Bars are stellar structures in galaxies that play a central role in the evolution of their hosts. The non-axisymmetry of the bar induces large-scale streaming motions in the stars and the gas that lead to dramatic changes in the host galaxy. Hence, probing barred galaxies, determining the fraction of spiral galaxies that host a bar structure and studying the properties these bars are critical endeavours to understand the evolution of spiral galaxies in general. The redshift evolution of the bar fraction and that of bar properties is an important signpost on the growth and dynamic maturity of disk galaxies. In turn, the characterization of these parameters within the local universe plays an important role as an anchor for these high-redshfit studies. A few years back we undertook a comprehensive analysis of galactic structure in all bright, nearby spirals in the Two Micron All Sky Survey (2MASS), based on the identification of bars using the ellipse-fit approach shown in Figure 5 (Menéndez-Delmestre et al. 2007a). We established that the local near-IR bar fraction is 67±2%, consistent with previous optical and smaller infrared studies. Although the infrared is a better tracer of the stellar mass in galaxies (since the old stars dominate the luminosity at these wavebands), our work showed that high-redshift studies probing the rest-frame optical wavebands of galaxies are a viable approach to explore the evolution of the bar fraction. We have now started a similar investigation targetted to bar properties. In order to characterize the intrinsic bar evolution with redshift safe from band-shifting effects it is necessary to gauge how bar properties vary locally as a function of wavelength. Together with members of the S4G team (Spitzer Survey of Stellar Structure; PI: Kartik Sheth) we are studying a sample of barred galaxies in detail in the UV, optical and mid-IR to answer precisely this question.

[main collaborators: Peter Capak (Spitzer Science Center, SSC, Caltech), Claudia Scarlata (U. Minnesota), Kartik Sheth (NRAO), Harry Teplitz (SSC, Caltech), Manuel Aravena (ESO, Chile)].

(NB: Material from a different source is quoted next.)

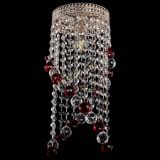 Люстра Венеция №1 Сигма красная в Кирове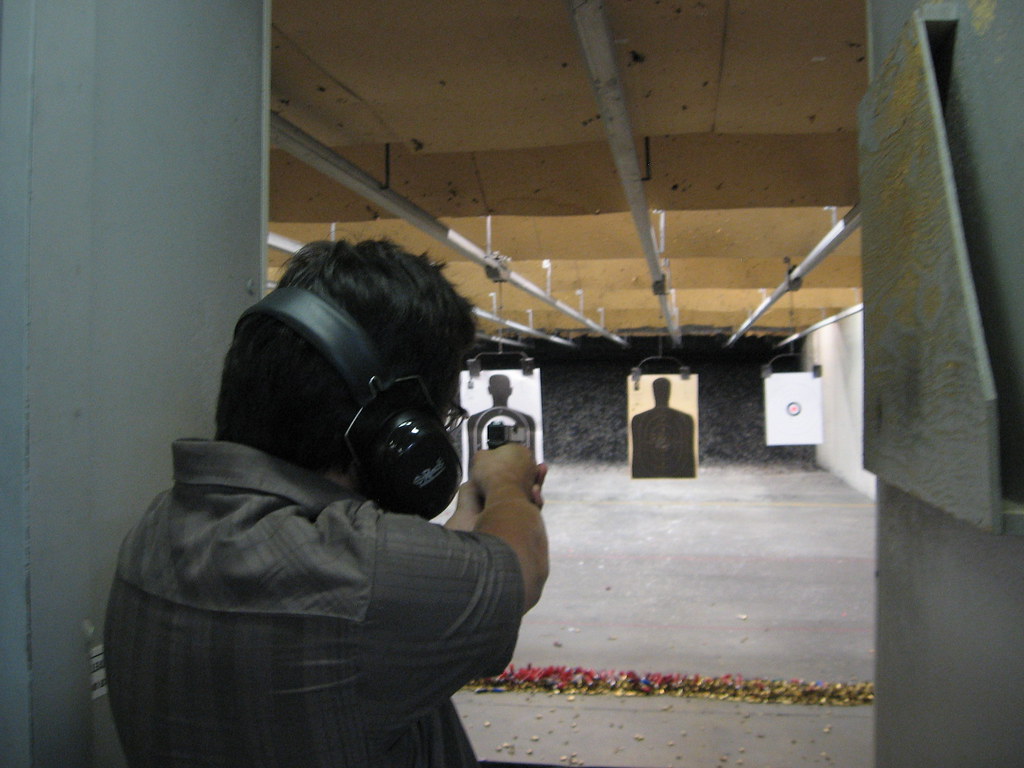 best handguns for target shooting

Galaxy evolution is intimately connected to the environment and the galaxy position within the large-scale structure (LSS), but the physical origin of this galaxy-environment relation is still controversial. To understand the origin of the galaxy-environment relation, one needs to look back at the epoch of galaxy formation (z > 1), where initial conditions likely set the stage for the establishment of this relation. Galaxy clusters represent the most extreme density environments and are ideal laboratories to investigate the interplay between galaxy evolution and the environment. At higher redshifts, the local, high-density environments of well-established, virialized clusters give way to looser LSS. The strong clustering signature of SMGs indicates that these galaxies serve as excellent signposts of high-redshift LSS (see Blain et al. 2004, Chapman et al. 2009), making the immediate environments of SMGs excellent fields to study the galaxy-environment relation. We have initiated a major observational program to search for Ly-alpha emitters (LAEs) in the surroundings of SMGs through a combination of narrow-band imaging and multi-slit spectroscopic observations to: (1) probe for an excess in galaxy number density; (2) characterize the macro properties of the LSS or protocluster (e.g., shape, size, mass, virial state); and (3) follow up individual LAEs in multi-waveband databases to probe for trends in galaxy properties as a function of environment in the early stages of cluster virialization [in progress].